Miller also noted Kyocera donates tools to high schools and colleges that have machining programs. He also provides guidance to high school students on building a resume and how to interview for a job. 

Celebrating manufacturing jobs, looking ahead

ConxusNEO is an organization that unites manufacturers, educators and government officials in an effort to “better align” training with the jobs that are available, said Trenner.

Stanchina said ConxusNEO last June organized a Signing Day event at Kyocera in Cuyahoga Falls. Instead of athletes announcing where they were going to college to continue their athletic career, five students who were being hired to work for manufacturers had a chance to enjoy the spotlight. Two of them were from the Compact's CADET program. She added the event focused on the fact that each student was employed, “making a lot of money” with benefits, and had the chance to receive tuition reimbursement. Each student was set to earn in the ballpark of $32,000 per year, she said.

“I think that is just fine for somebody who just graduated from high school,” said Stanchina. “I think the sky's the limit for kids that are interested in something like this.”
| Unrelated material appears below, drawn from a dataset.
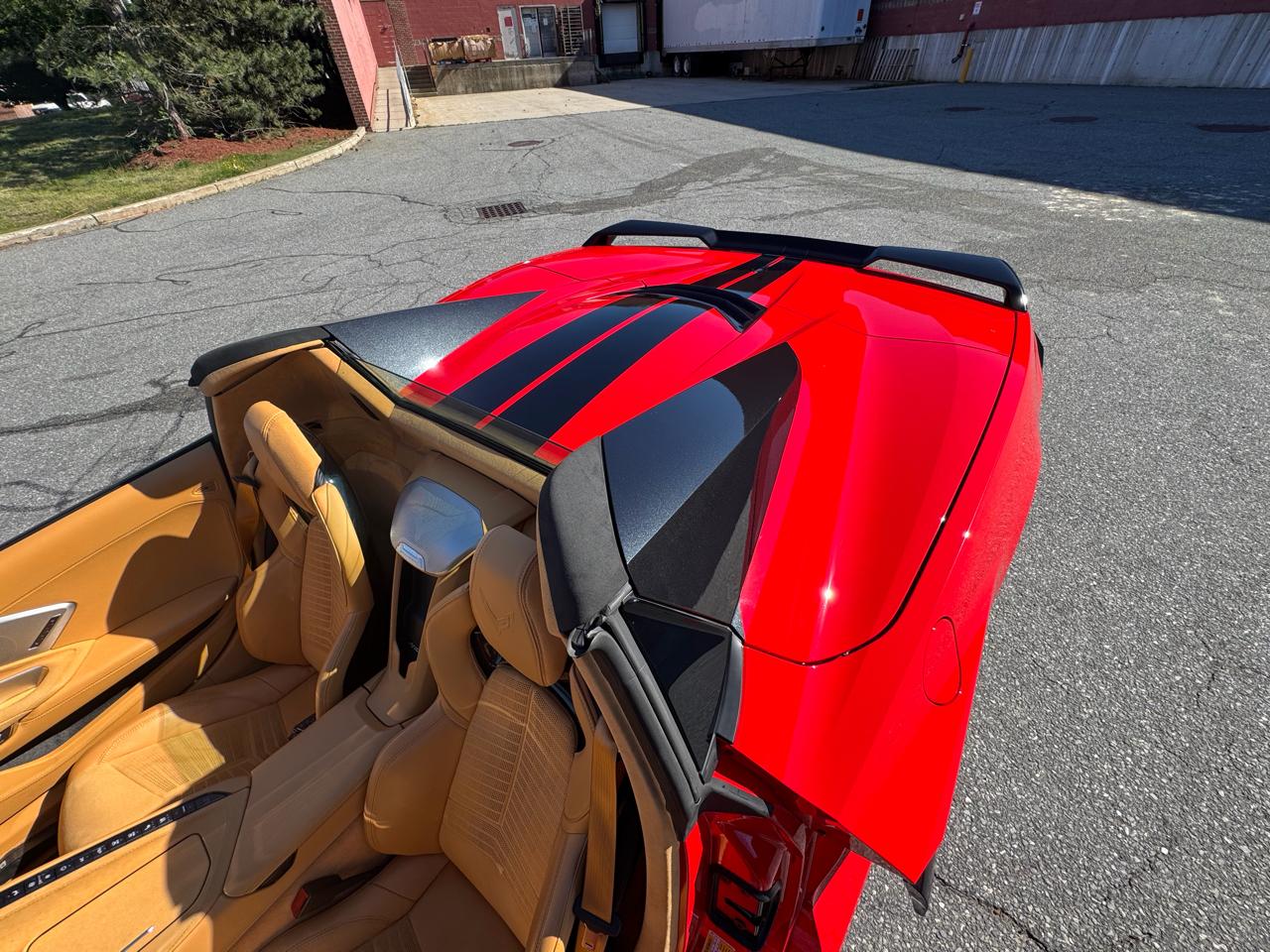 Chevrolet Corvette 2dr Stingray Conv w/3LT 2022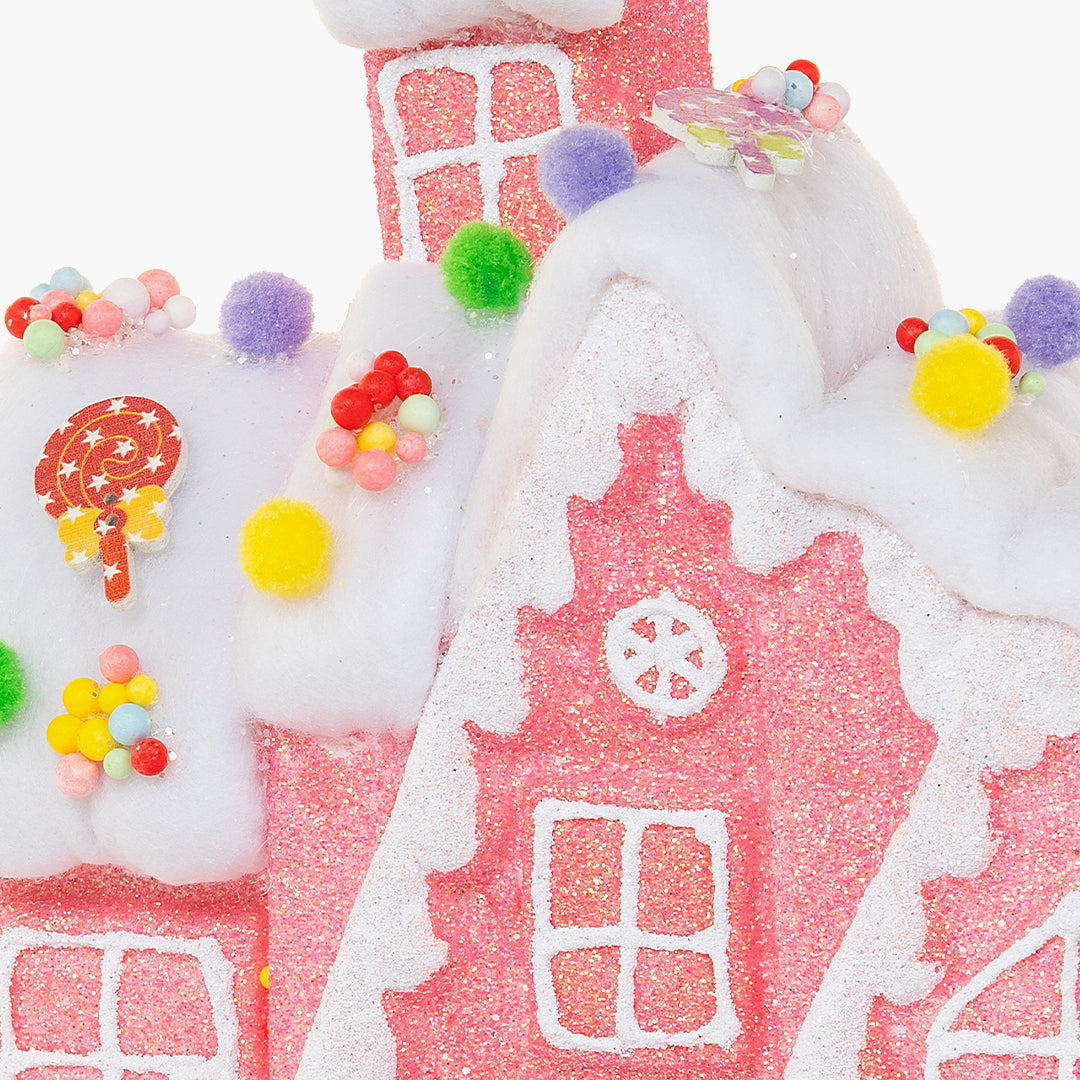 JC HAPPY SUGAR Pink Candy Home Decor 25x31cm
More collaboration is starting to occur. Trenner said Stow city officials are working with the schools and some manufacturers to form a partnership. He noted city and school officials are trying to make themselves “more familiar with the needs of the manufacturers,” and figure out how best to help manufacturers.

“We're just getting started,” said Trenner. “Everybody's pretty excited about it.”

Editor’s note: Mark Williams of the Columbus Dispatch contributed to this story.